Couple with new baby secretly moves away so mother-in-law can no longer drop in unexpectedly

Mary Duncan

*This is a work of nonfiction based on actual events as told to me by a friend who experienced them firsthand; used with permission.*

I didn’t exactly take the life course that most parents probably want their daughters to take. I didn’t go to college right out of high school, deciding to move out and get a job waitressing instead, and a few years after that I was unmarried and pregnant. I was alone, well, with my mother when my daughter was born, but I was a single mom from the start.

As the years went by, I saw more and more of my friends following the path I wish I had taken. They’d graduate college, get married, buy a house, and start a family. It was like the way things were just supposed to go if you were doing it right.

It always made me so sad that I never got to have a baby and raise a family with someone that I love and who wanted to have a family with me. Part of this may be because I had such a dysfunctional family myself. It’s really just me, my parents, my sister, her husband, and my grandmother left. My mother disowned her siblings after one of them had a falling out with my grandmother, and my father had his ties cut with his whole family due to a financial spat after his mother died.

I see happy couples raising their kids together and celebrating with their big families and I wish I had had that. I wish I’d had a doting mother-in-law who would share in the joy of my children, and be there to watch them grow up.

Not everyone feels like that, though. You know, the grass is always greener on the other side and all that.

When my friend Lucy and her husband Jon were first married, Jon’s mother was so excited for the grand-babies that were sure to come, she moved hundreds of miles across the country so she could buy a house right down the street from her son. The woman, Diane, had the awful habit of dropping in unexpectedly, and the habit escalated and became intolerable after Lucy and Jon had their first baby, a boy they named Jude.

One morning Lucy and Jon woke up, took a look at their video baby monitor on the bedside table, and saw that their son Jude was missing from his crib. Horrified, Jon and Lucy sprang out of bed and into his room, but he was gone. Lucy was wailing in terror and grief while Jon searched for his cell phone to call for help, and that’s when Diane walked into the nursery holding Jude with a bottle in his mouth.

“Calm down, dears, I’ve got him,” Diane said, and Lucy was barely able to control her rage. She had to go back to the bedroom and decompress before coming back to tell Diane that she could never do that again. Diane did not listen.

She would constantly drop by unexpectedly when Lucy and Jon were home, and if they weren’t home, or weren’t awake for the day yet, she would often let herself in with the key she had and either tend to Jude or clean and rearrange their things in the house.

“You have to tell her to stop,” Lucy insisted.

“I can’t, Luce, she’s my mom, it would break her heart.”

“Well, I refuse to keep living like this! I’m applying for that job in the city. If I get it, we’re out of here,” Lucy swore.

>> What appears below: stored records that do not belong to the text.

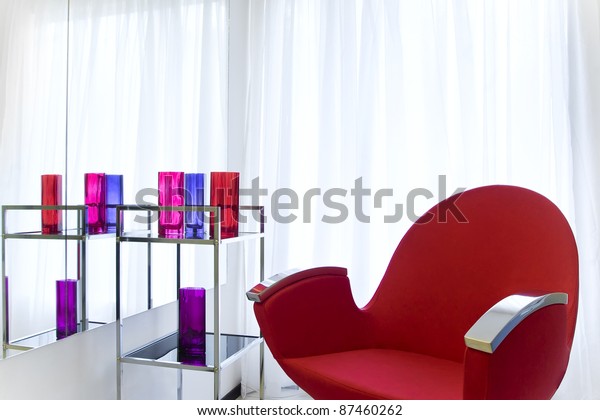 Barbershop Interior Red Chair Close Stock Photo Edit Now 87460262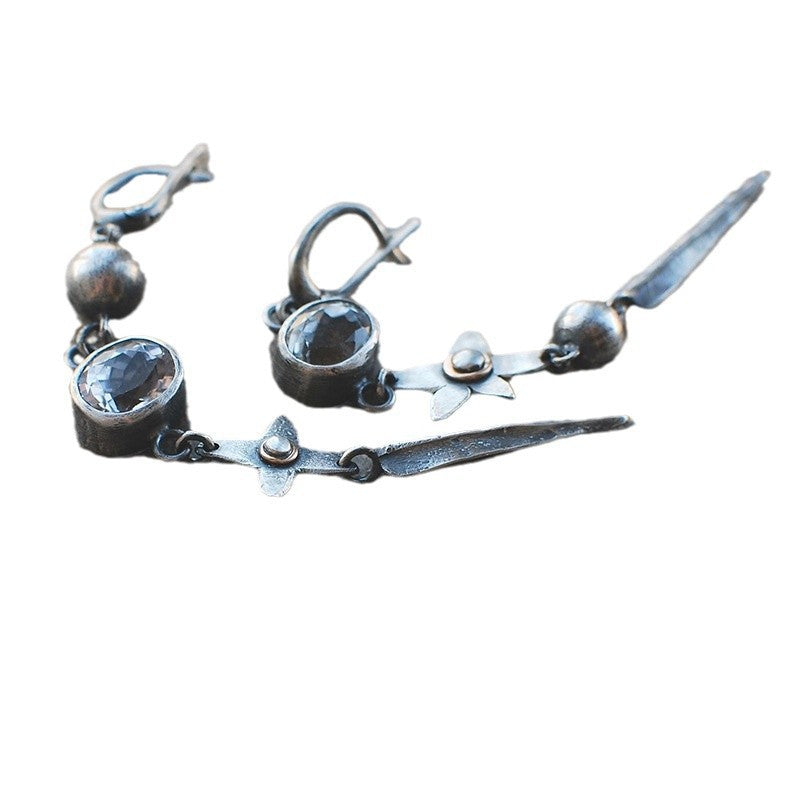 Geometric Ancient Sier-plated Long Rhinestone Tassel Retro Ear Hook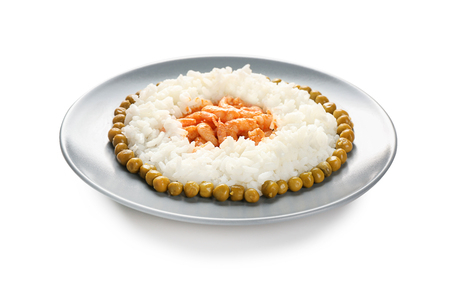 Tasty boiled rice with shrimps and peas on plate, isolated on whiteの写真素材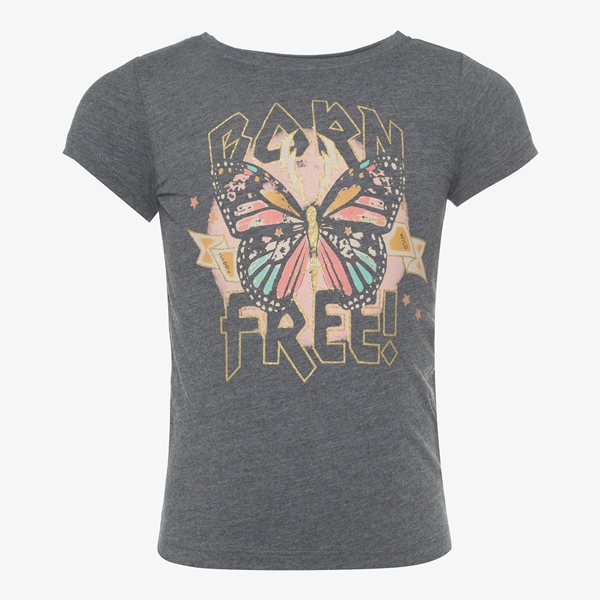 TwoDay meisjes T-shirt zwart met vlinderopdruk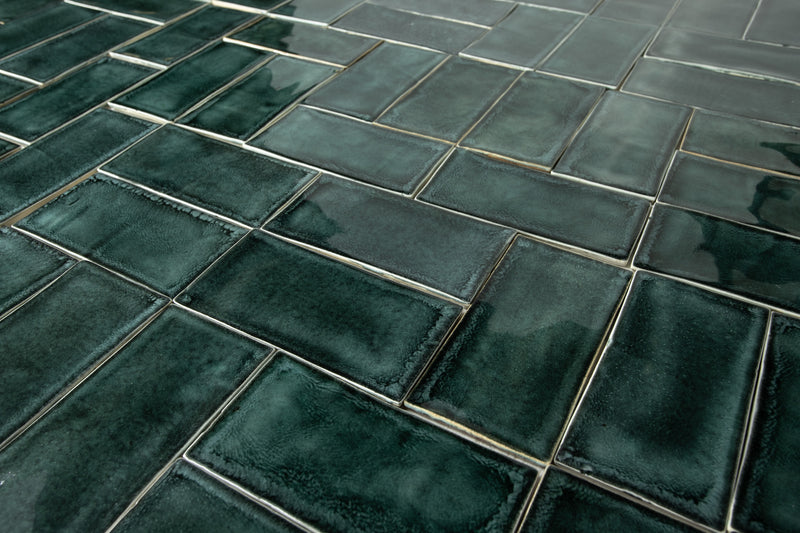Rectangular Tile Dark Green Glaze DXTWLN 3B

“How can I tell my mom we’re going to move away from her after she moved all the way out here to be with us?” Jon whined.

“We never asked her to move here! She is interfering with our lives and my parenting and I can’t take it anymore, I won’t!” Lucy said.

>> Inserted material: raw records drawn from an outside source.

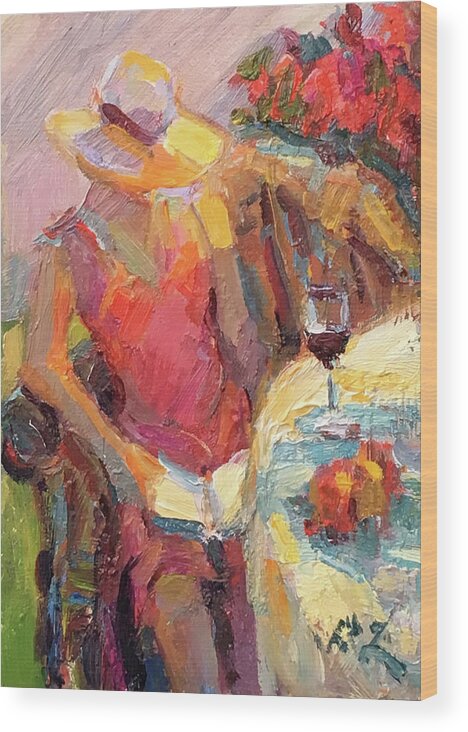 #redwine Wood Print featuring the painting Red Wine #2 by Diane Leonard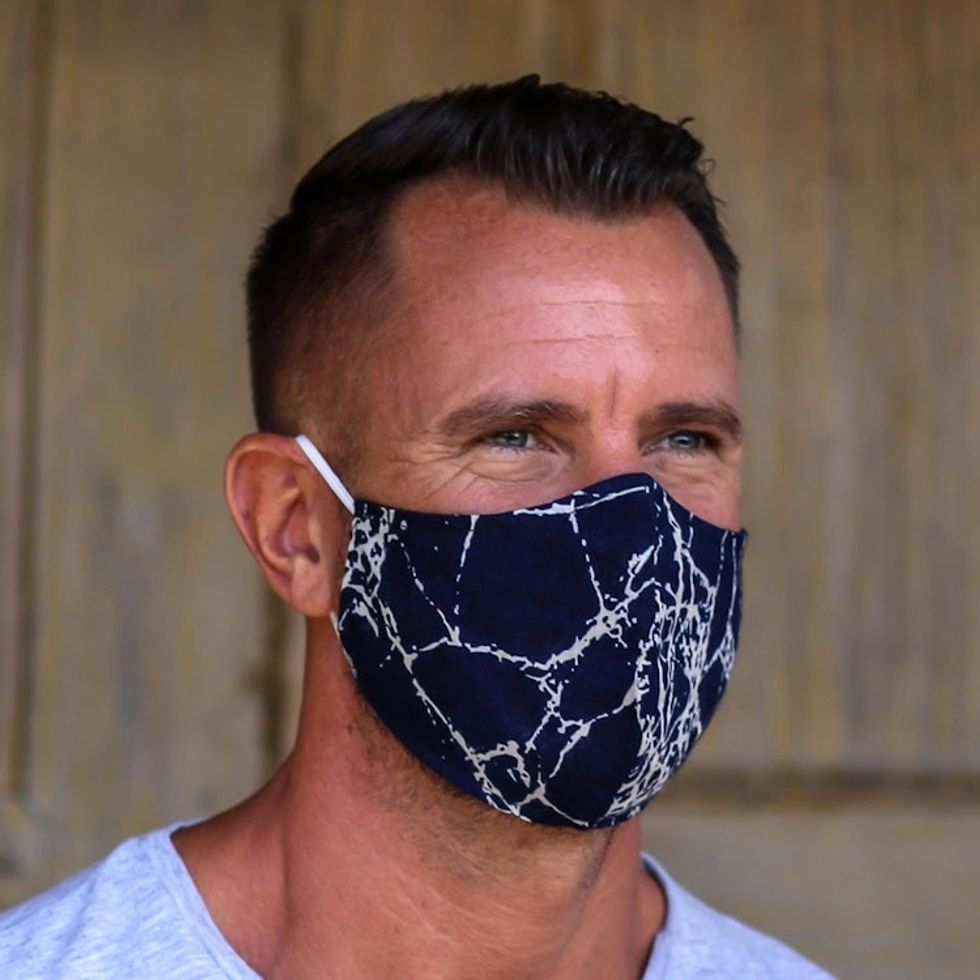 Handmade Cotton Face Masks Family Pack Set of 4 'Crackled'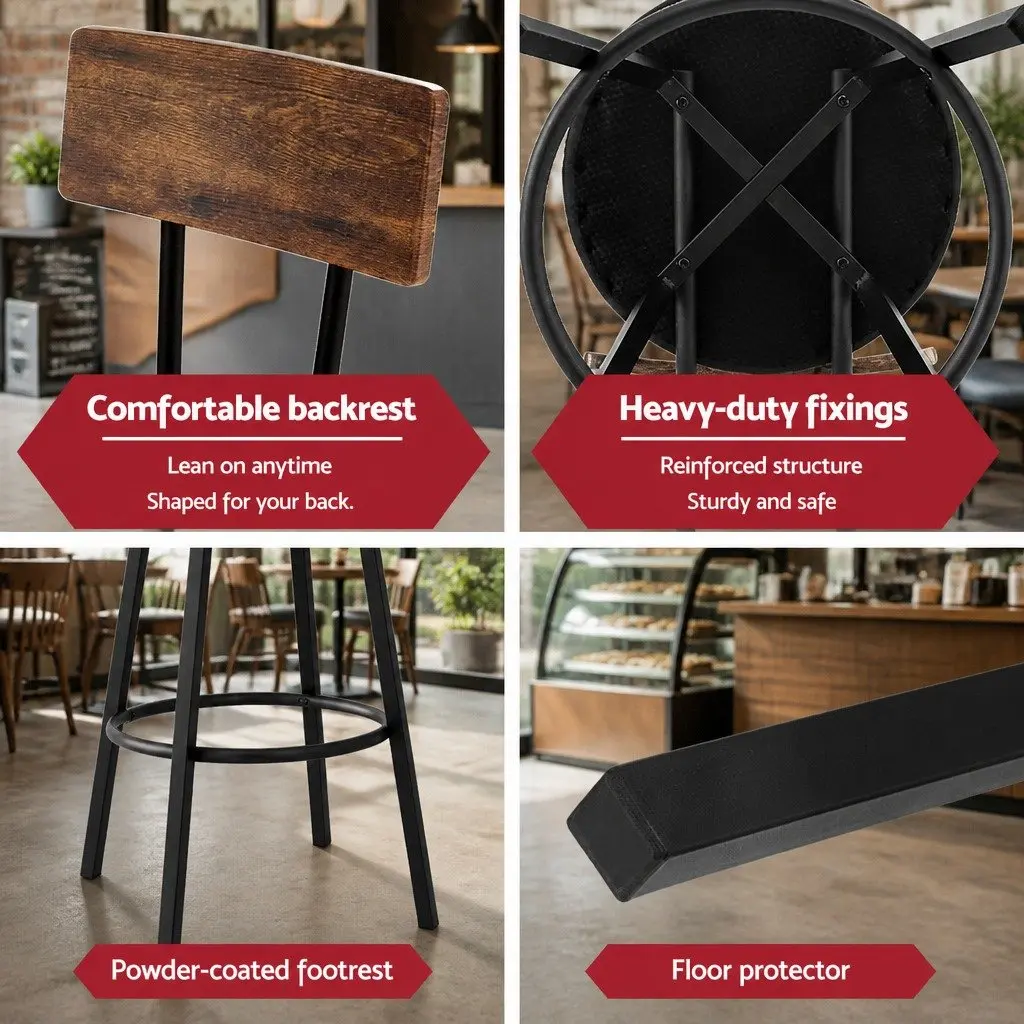Industrial Bar Stools Set of 2 Upholstered Counter Chairs 72cm Height Black Steel Frame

So, Lucy went ahead and applied for her dream job as a graphic designer at a big downtown marketing firm. She was hired, and that meant to avoid a four-hour-a-day round-trip commute, Lucy and Jon would have to move closer to her new employer. It shouldn’t have mattered much to Jon, as he worked from home and it wouldn’t change his daily routine. Just his mother’s.

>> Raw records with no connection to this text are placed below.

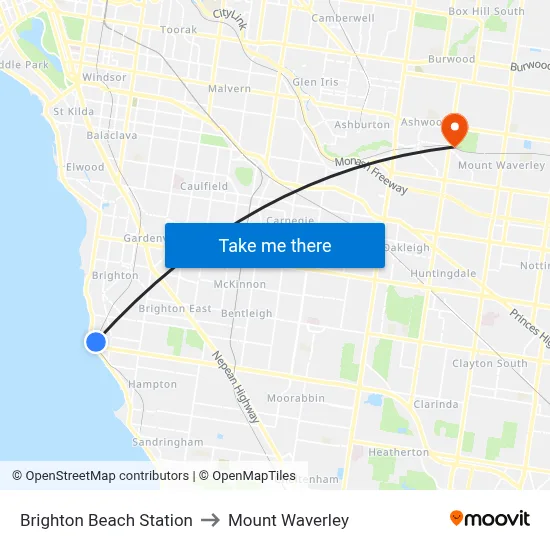 Brighton Beach Station to Mount Waverley map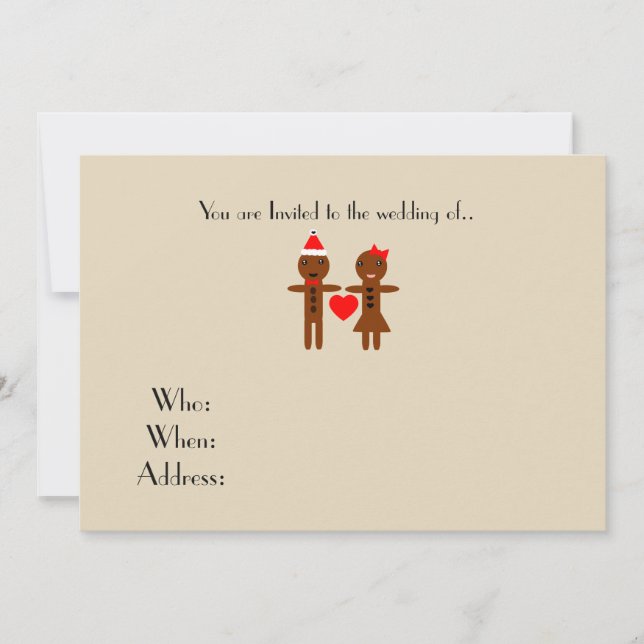Invitation mariage de Noël Homme et Femme en pain d'épice (Devant)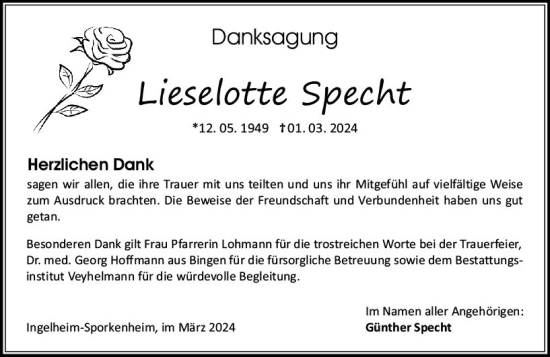 Traueranzeige von Lieselotte Specht von Allgemeine Zeitung Bingen/Ingelheim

Jon fretted for months and then weeks before the move, having still not told his mother they were about to relocate, but Lucy forbid him from informing her.

Lucy arranged everything in detail. Movers came to their house on a weekend when Diane had gone to a casino with her lady friends, and they were packed up and gone before she came home.

Three days later, Lucy received her first call from Diane.

“Where are you? Why is your house empty? What is going on?” She shrieked at her daughter-in-law.

“I’m sorry, Diane, you’ll have to talk to your son about that,” Lucy said, and hung up the phone.

It took a long time for Jon to repair his relationship with his mom after what they did, and the only time Lucy ever saw Diane since was over the holidays.

Though it was rather extreme, I don’t blame them for moving away. What do you think?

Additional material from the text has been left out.